PRESS RELEASE: 24th May 2009
Essex Friends of the Earth
01206/383123
Photo op outside Basildon council offices on Tuesday 26th May from 11am to 1pm.
County Conservatives break their 'no incineration' pledges as districts sign legally-binding 'Inter Authority Agreements' for 28.5 year contracts costing council taxpayers £8000 each
ECC is waiting for its long-delayed bid for PFI (Private Finance Initiative) funding for its controversial MBT (Mechanical Biological Treatment) waste disposal plants and an incinerator to be decided by a panel at the Treasury.
This is for 28.5 year contracts which will cost Essex council taxpayers £8000 each. The district councils have to sign legally-binding Inter Authority Agreements with the county council. Most have done so except Colchester who have refused to support the waste strategy, or the 28.5 year contracts and pulled out of supporting the PFI bid.
Last Tuesday anti-incinerator campaigners from Coventry and elsewhere in the UK were protesting outside the Treasury as these meetings are held in secret without hearing the evidence from people opposing the bids. Essex campaigners joined them.
It is likely that the Essex PFI bid, which has been strongly criticised in letters to Defra and the Minister, will be heard shortly as it is the only remaining bid from the third stage of bids and last Tuesday the fourth stage bids were being decided.
Since April 2006 PFI waste bids are required to have all district councils supporting them and have 'broad public support'. But Colchester's new LibDem/Labour/Independent coalition council opposed the Essex waste strategy last May and formally revoked the previous Tory administration's support for the PFI bid.
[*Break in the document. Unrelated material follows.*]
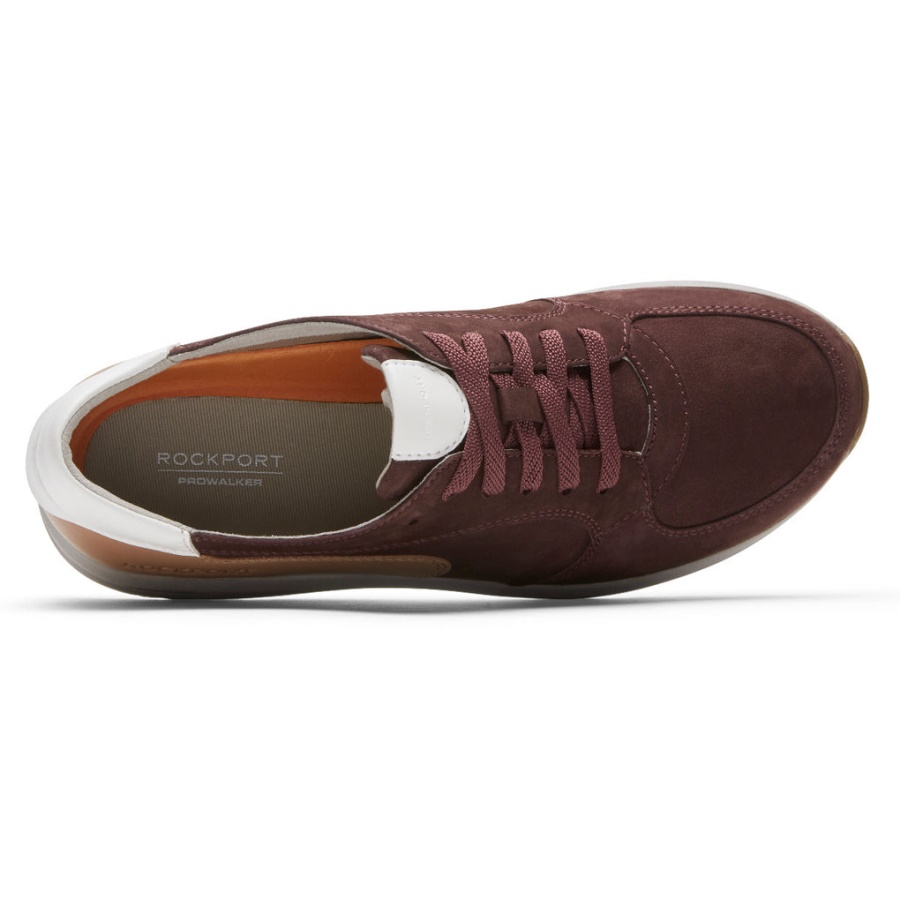 Tênis Feminino Rockport Trustride Prowalker Oxblood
There were 25,500 objections to incineration in the Essex Waste Plan, and 76% of responses to the Essex War on Waste consultation opposed all six MBT and incineration options. 69% supported alternative Option 7 drawn up by councillors and campaigners. This is why ECC ran the 2008 widely-criticised misleading 'consultation' which failed to explain that the shredded and dried residues from the MBT plants would be burnt in an incinerator.
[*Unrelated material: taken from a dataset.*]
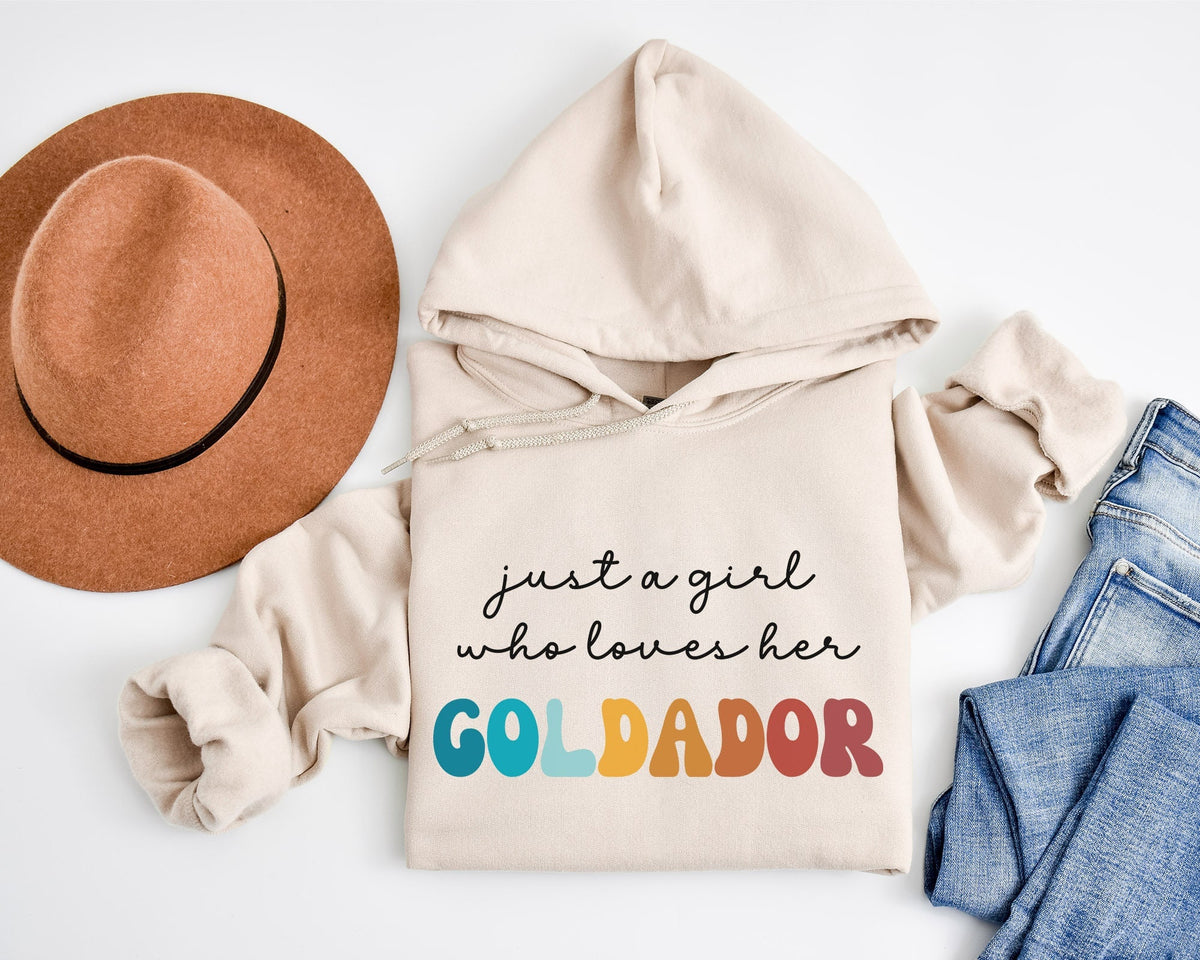 Goldador Dog Retro Hoodie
One month ago on a knife-edge vote ECC Tories alone approved an application for massive MBT (Mechanical Biological Treatment) waste plants at Rivenhall Airfield including an incinerator for 360,000 tonnes p.a., burning polluting pellets made from shredded and dried 'black bag' rubbish produced at the MBT plants at Basildon and Rivenhall.
There had been over 800 letters received, all except one objecting to this proposal, yet four Tories voted in favour and four LibDem and Labour councillors voted against. The Tory Chairman used his casting vote to vote again to approve it. This completely shreds the 'no incineration' pledges made for years by Lord Hanningfield and the Conservatives.
However, campaigners against the plants are relieved that Government Minister Hazel Blears has just 'called in' the application for a public inquiry to be held. No other waste application can be made there until this one has been examined by an Inspector.
This throws ECC's plans into disarray as they are on the point of putting out the long-delayed 28.5 year contracts to tender and they are unable to offer the Rivenhall site for an incinerator. The Waste Plan permits incinerators on any of the waste sites including Basildon, which has been the long concern of opposition councillors and campaigners.